Over the weekend one of my clients posted an article from Margaret Wente about the many privileges bestowed upon seniors in Canada. Listing an almost unbelievable number of perks for “elderly” Canadians, which ranged from discounts at drug stores and movie theaters to government pensions and new federal tweaks to retirement programs, in every way seniors in Canada have it pretty good.
So good in fact that Margaret Wente has begun to despair. Not for herself, but for the future. The younger generation is definitely having a tougher time than their parents. And while none of this predicts that the Millennial’s will be poor, it does go to the heart of the uneven balance about finances that exists between generations.
One of the big changes in the federal budget was a reduction in the mandatory RRIF withdrawals that will effect everyone over 71. Putting the final nail in the coffin of the often heard and mostly pointless “RRSP/RRIF tax trap” the Conservative government has slowed the income coming to retirees from their long term retirement savings. This is being lamented as little more than “tax avoidance” for one generation by Carleton economics professor Francis Woolley, who has her own piece in the Globe & Mail about RRIF and Taxes. It’s a good read but if I may, her essential point is: “people don’t like to pay taxes.”
What’s happening is that we live in unprecedented times. Unprecedented in the life span of those living, the material wealth we have available to us, and the inverted demographics that comprise many countries around the globe. Everywhere people are richer, living longer and getting older. Many of our concerns about the economy, the cost of living, or the security of programs like CPP, or Social Security in the United States, are born directly from our success at creating a higher standard of living. Higher wages, better medicine and a declining birth rate make us materially richer, until they don’t.
What you are looking at in the above chart is the changing nature of both Canada’s and the worlds age. From 1950 on Canada briefly saw a boom in the birth rate that has since reversed itself. The number of Canadians over 60 (the y-axis) is now better than 20% of the total Canadian population, while the number of children (on the x-axis) has been steady at about 5%.
All the goodies that benefit the senior class of Canadians are getting more costly both because Canadians are living longer, but also because the tax-base needed to support many of those services is shrinking. But are seniors “too rich” as Margaret Wente thinks? Probably not. While Canadian poverty rates for the elderly are some of the lowest in the world, people who retire at 65 need to make all their savings last them until they are ninety, or older. You try and figure out what you are going to spend for the next 20-30 years.
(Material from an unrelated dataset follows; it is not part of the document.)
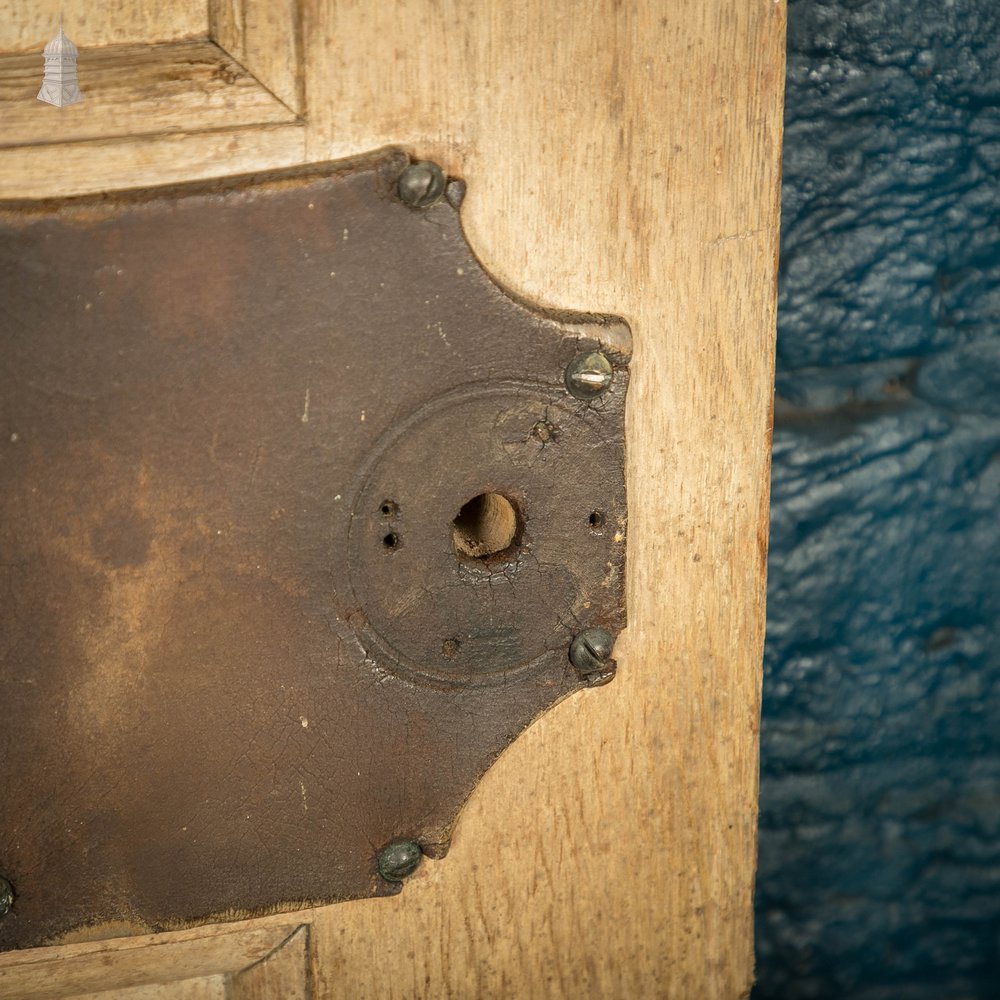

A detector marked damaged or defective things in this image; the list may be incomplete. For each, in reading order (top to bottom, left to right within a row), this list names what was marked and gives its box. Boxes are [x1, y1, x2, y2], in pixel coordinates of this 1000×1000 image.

flaking blue paint [756, 1, 1000, 1000]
When Otto Von Bismark introduced the worlds first old age pension, it was for people who were 70 years old and their life expectancy was for maybe two more years. Today people retire and they live another lifetime. As we’ve previously said, when you’ve retired you’ve earned your last dollar. That can be a pretty scary thought.
The solution? There isn’t one. As I said these are unprecedented times. We still treat retirement like those who hit 65 are “old”. When my grandfather was 12 he had finished school, worked in
a factory and eventually fought in the Second World War. By the time he was 65, suffering from lung deterioration after a life time of smoking, his face bore every year like the rings of a felled tree. My father on the other hand just had his 70th birthday and looks barely 60. That isn’t good genetics, that’s the product of good living. This trend is global, affecting everyone from China to Canada, and it will be with us for a long time. For many years people have been sounding the alarm about the demographic storm that is approaching, but such storms are slow moving. This is the beginning of a much larger set of conversations that will begin to address how we perceive retirement, savings, economic growth and government programs like the CPP. How we ultimately address and resolve the burgeoning conflicts about age and wealth will put many of us, and our retirement plans, to the test.